### Your goal
Give the records below again, word for word. No pictures belong in the copy.

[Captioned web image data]
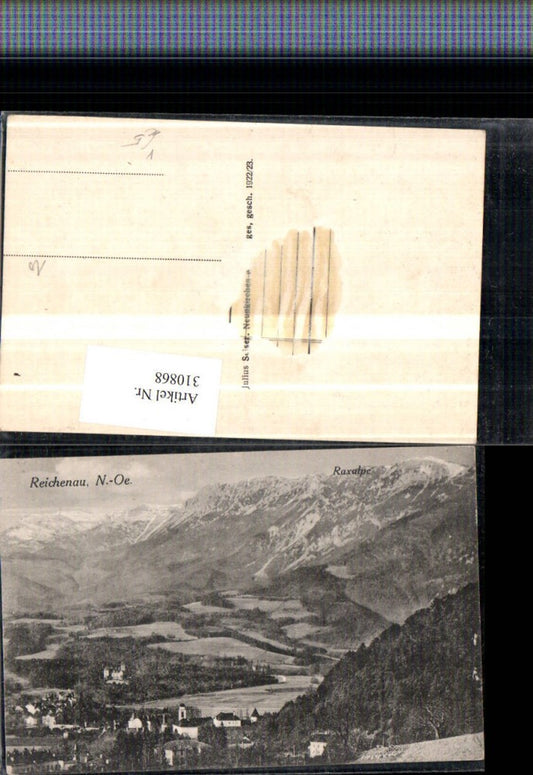 310868,Reichenau an d. Rax Teilansicht m. Raxalpe Bergkulisse pub Julius Seiser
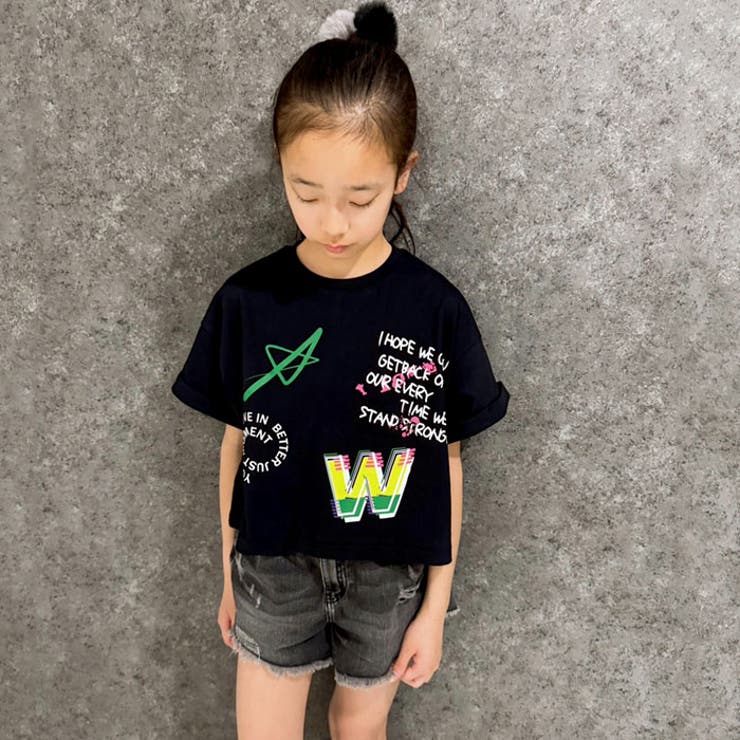 SHISKY オーバーサイズショートレングスプリントTシャツ キッズ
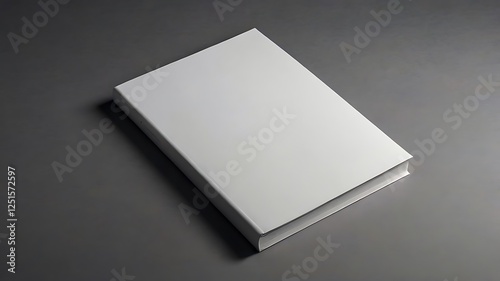 Blank White Book Mockup on Gray Background, A high-quality, professional mockup of a blank white book lying on a gray surface.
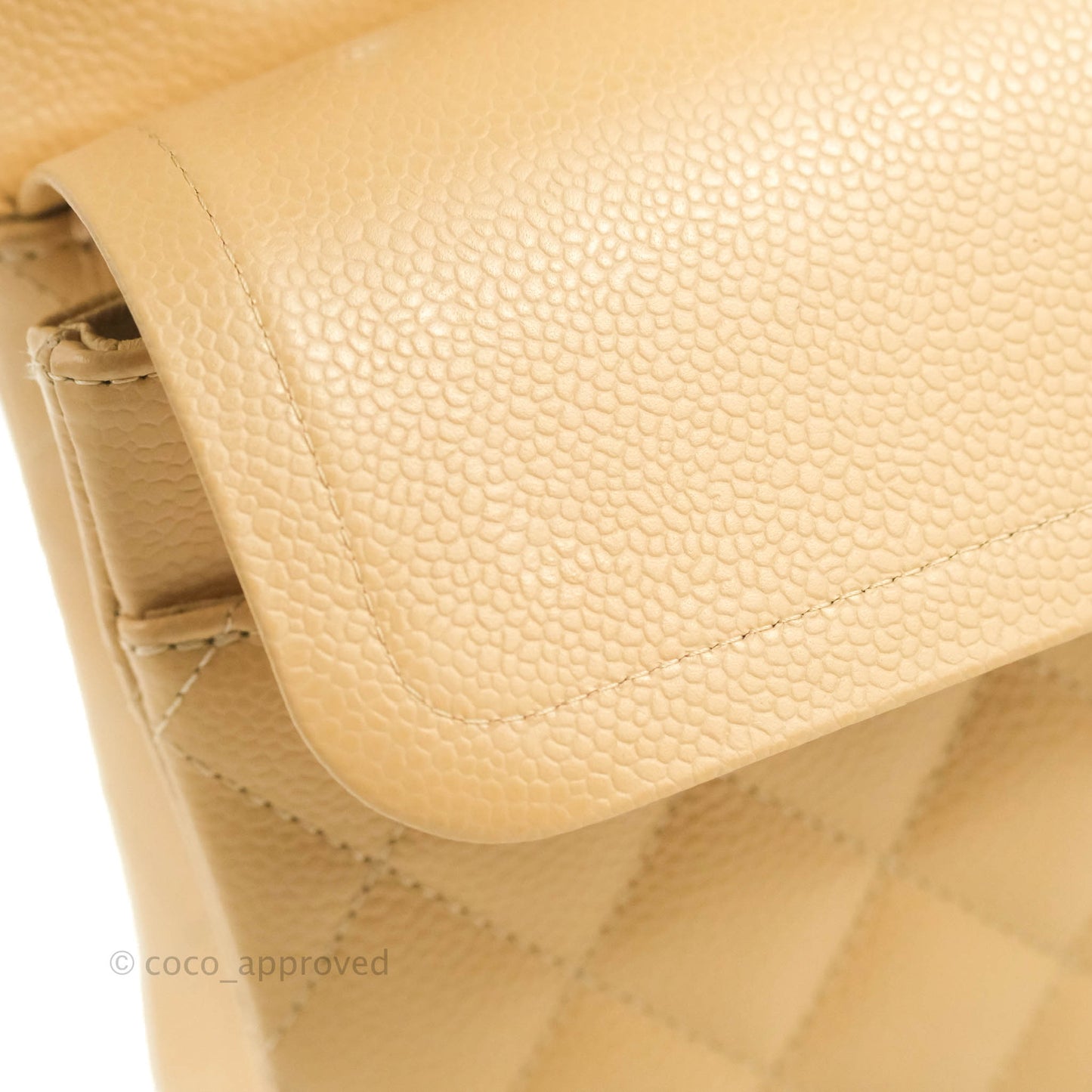 Chanel Classic M/L Medium Flap Quilted Beige Caviar Gold Hardware
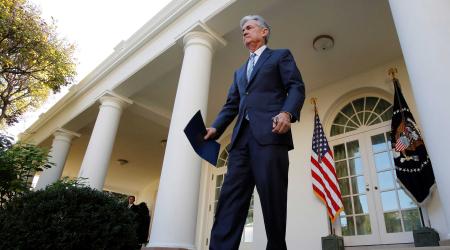 Jerome Powell arrives in the Rose Garden at the White House in Washington, U.S., November 2, 2017. 
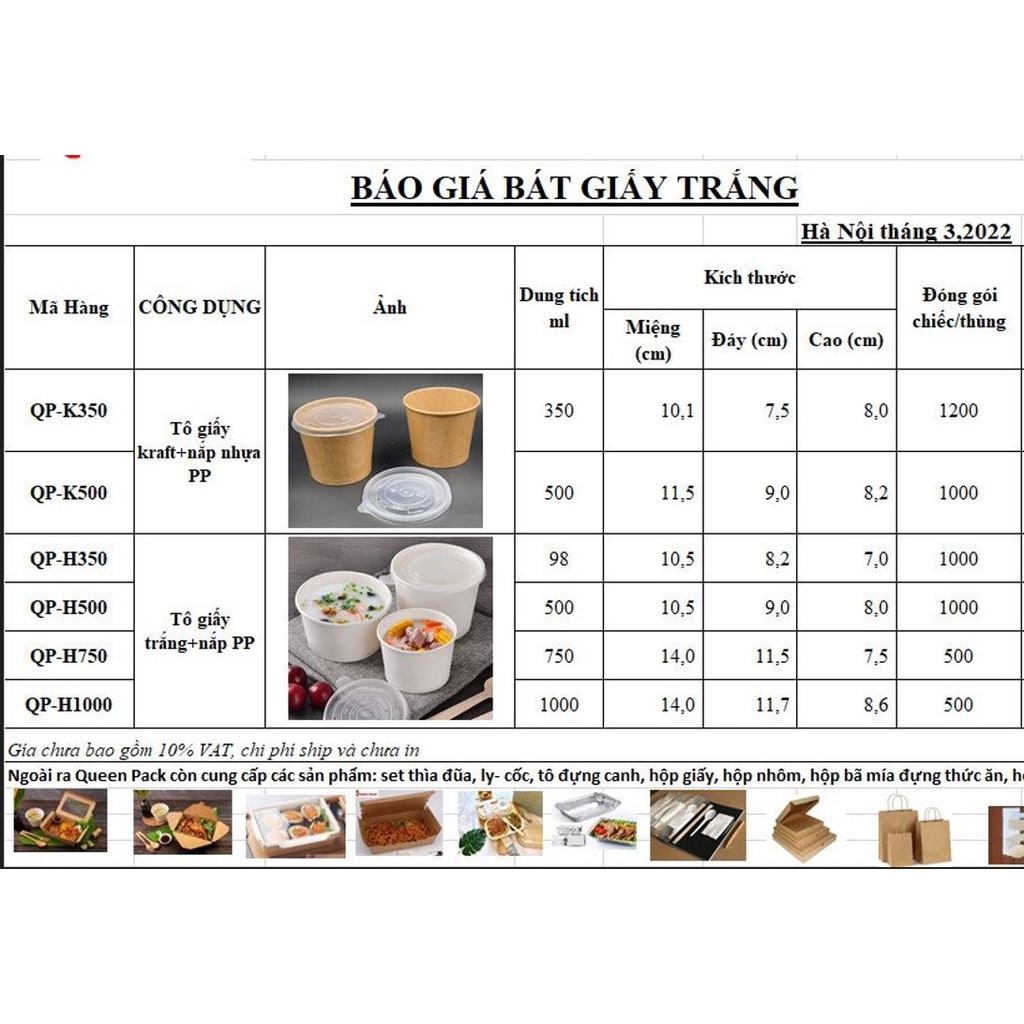 Sỉ 100 Tô Giấy Trắng Nhiều Size 350ml 500ml 750ml 1000ml Kèm Nắp Nhựa Bằng PP Giá Rẻ dùng 1 lần cao cấp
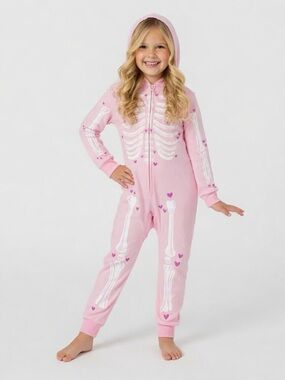 Cat & Jack Pink Hooded Skeleton Print Kids One-Piece Pajama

### Result
 310868,Reichenau an d. Rax Teilansicht m. Raxalpe Bergkulisse pub Julius Seiser
 SHISKY オーバーサイズショートレングスプリントTシャツ キッズ
 Blank White Book Mockup on Gray Background, A high-quality, professional mockup of a blank white book lying on a gray surface.
 Chanel Classic M/L Medium Flap Quilted Beige Caviar Gold Hardware
 Jerome Powell arrives in the Rose Garden at the White House in Washington, U.S., November 2, 2017. 
 Sỉ 100 Tô Giấy Trắng Nhiều Size 350ml 500ml 750ml 1000ml Kèm Nắp Nhựa Bằng PP Giá Rẻ dùng 1 lần cao cấp
 Cat & Jack Pink Hooded Skeleton Print Kids One-Piece Pajama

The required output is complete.